INSTRUCTIONS TO FOLLOW: From the line containing "Wildflower iPhone case" through the last line below, copy every line exactly, leaving out the pictures.

[DATA PROVIDED — start]

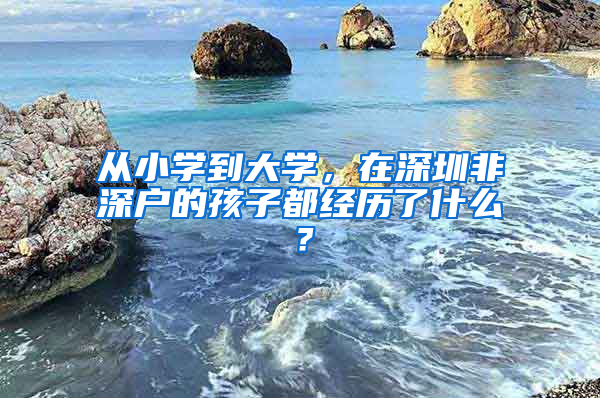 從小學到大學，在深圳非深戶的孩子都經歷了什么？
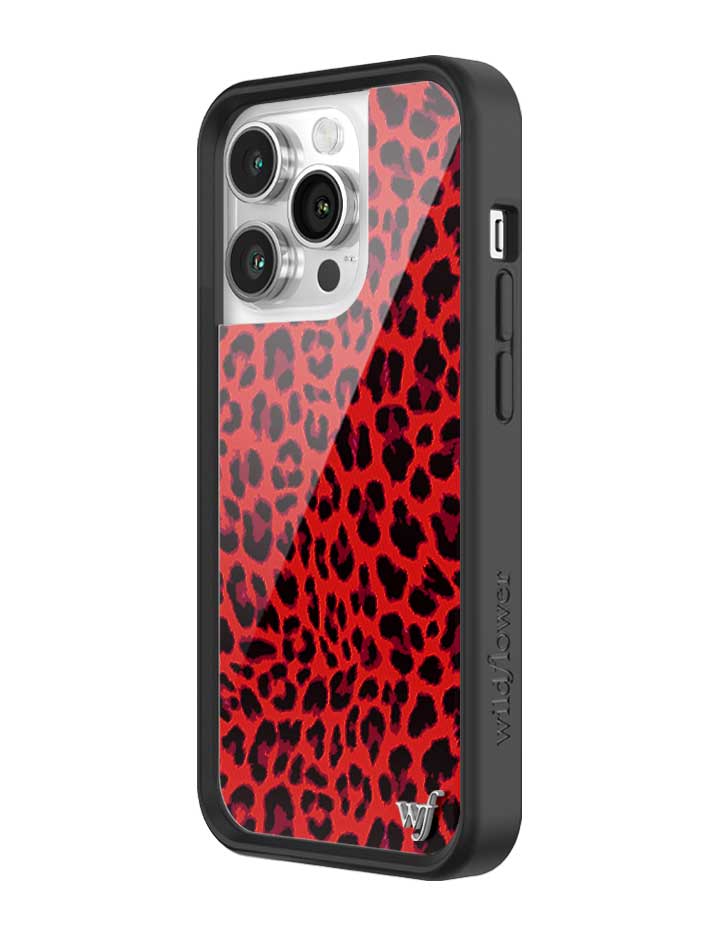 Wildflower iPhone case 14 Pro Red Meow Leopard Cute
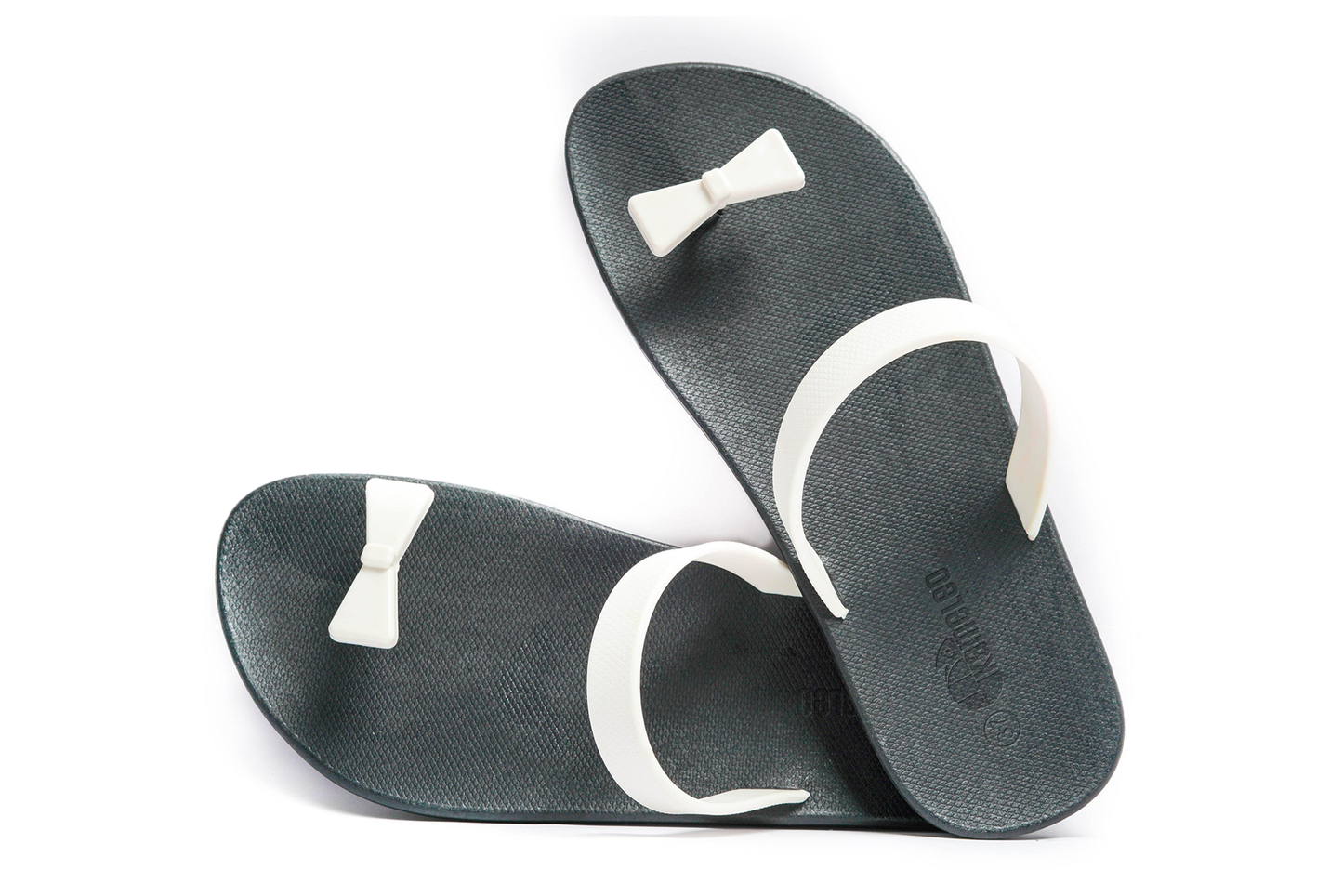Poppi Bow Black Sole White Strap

[DATA PROVIDED — finish]

RESULT FOR THIS EXERCISE:
 Wildflower iPhone case 14 Pro Red Meow Leopard Cute
Poppi Bow Black Sole White Strap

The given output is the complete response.